Understand how to accurately calculate standard deviation using NumPy by distinguishing between sample and population data. Learn why adjusting degrees of freedom is crucial for meaningful statistical analysis.
Key Insights
- Use NumPy's built-in STD function to calculate standard deviation, noting that specifying degrees of freedom is essential: zero for population data and one for sample data.
- Recognize that when working with sample data—such as a subset of temperature or height measurements—setting degrees of freedom to one provides a more precise standard deviation, resulting in slightly higher values (e.g., 14.4 instead of 14).

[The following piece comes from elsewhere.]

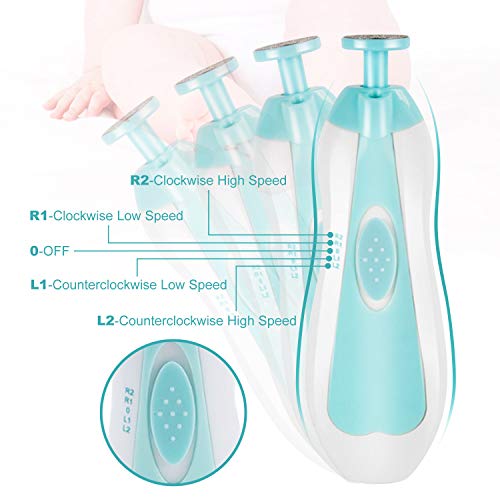 BelonLink Lima de Uñas Bebe, 6 en 1 Manicura de Seguridad Electrica Lima de Uñas Bebe dedo, kit de Cortaúñas Bebes/Set de Manicura y Pedicura para los Dedos y pies de Bebés y Adultos,Pulido y Recorte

- Understand that adjusting degrees of freedom is particularly important when analyzing variance, as sample variance calculations differ significantly from population variance calculations.
Note: These materials offer prospective students a preview of how our classes are structured. Students enrolled in this course will receive access to the full set of materials, including video lectures, project-based assignments, and instructor feedback.

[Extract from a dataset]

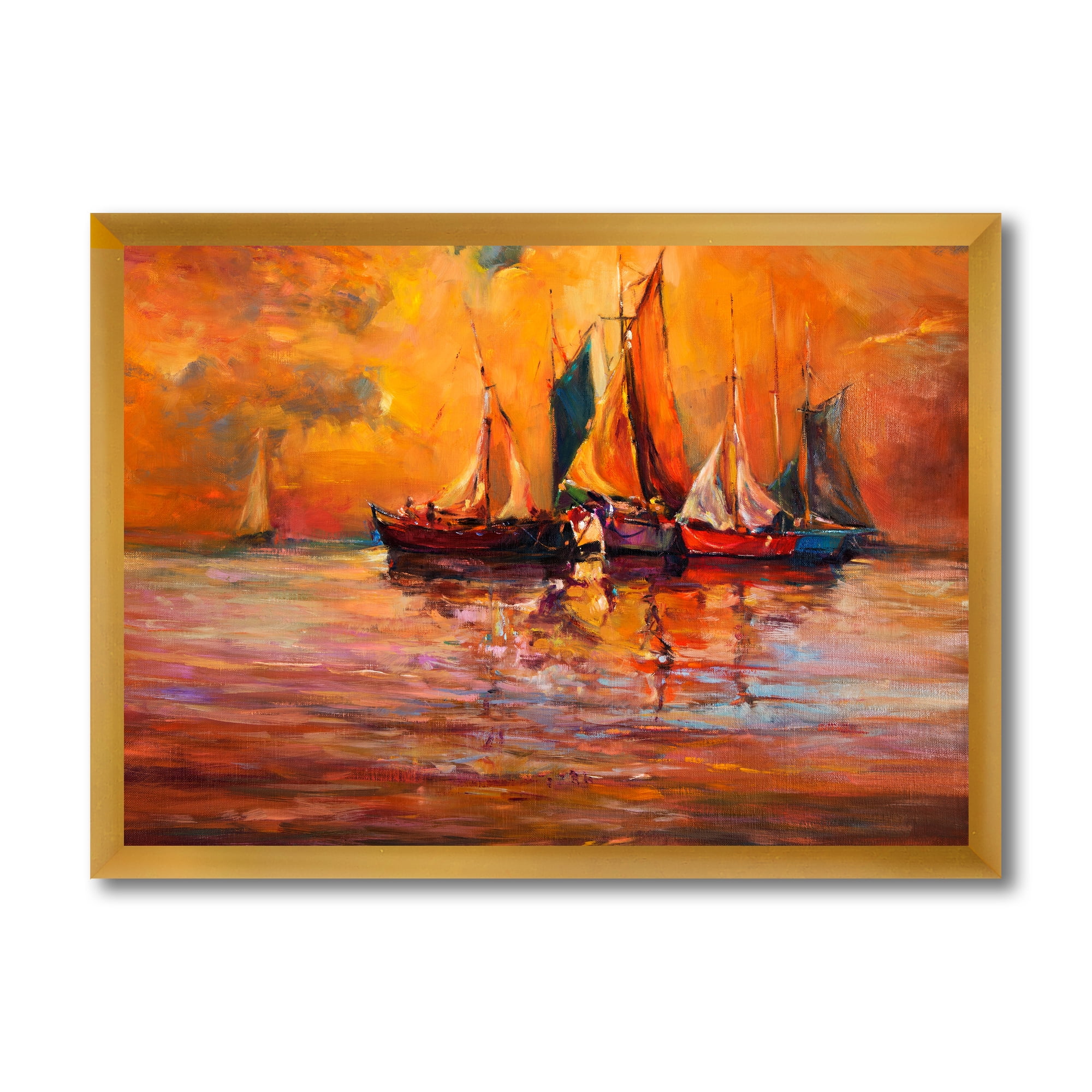 Boats During Evening Sunset In The Ocean I 32 in x 16 in Framed Painting Canvas Art Print, by Designart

Let's take a look at how we can calculate standard deviation using NumPy. If we use NumPy's built-in STD for standard deviation and pass it a list, it will give us the standard deviation. Now, there is a big thing to consider here, which is that the standard deviation of the degrees list is 14 degrees if we're considering the degrees to be the entire population of degrees.
In other words, all the degrees that have been measured, which for degrees doesn't really make sense. I mean, any degrees is going to be a sample of the temperatures. Now, we might look at the entire population and the standard deviation of that.
When we're looking at something like height, then we can look at the entire population. We're looking at it on a sample, not just the height of random thousand men in America, but what is the height of men in America? If we're looking at, as we are in this case, a sample, a small subset of the overall population, we actually need to adjust for that to get the true standard deviation. To do that, we use a concept called degrees of freedom, which is, well, it's not worth explaining degrees of freedom.
You can look into that more if you want to dive into, hey, what exactly is the offset we use and where does it come from? When we're talking about population variance, the variance in the whole population versus the deviation within one particular sample of it. But degrees of freedom is set to zero normally. That's the population variance value.
If we set it to one, that's for a sample. If we look at that, we get a slightly higher number, 14.4. Now, this will matter particularly when we're looking at variance, where that will actually vary even more when we're looking at the value of variance. But this is a key thing.
We can use NumPy to do this. We just always be mindful of degrees of freedom. Are we looking at a sample of the population or the entire population as a whole?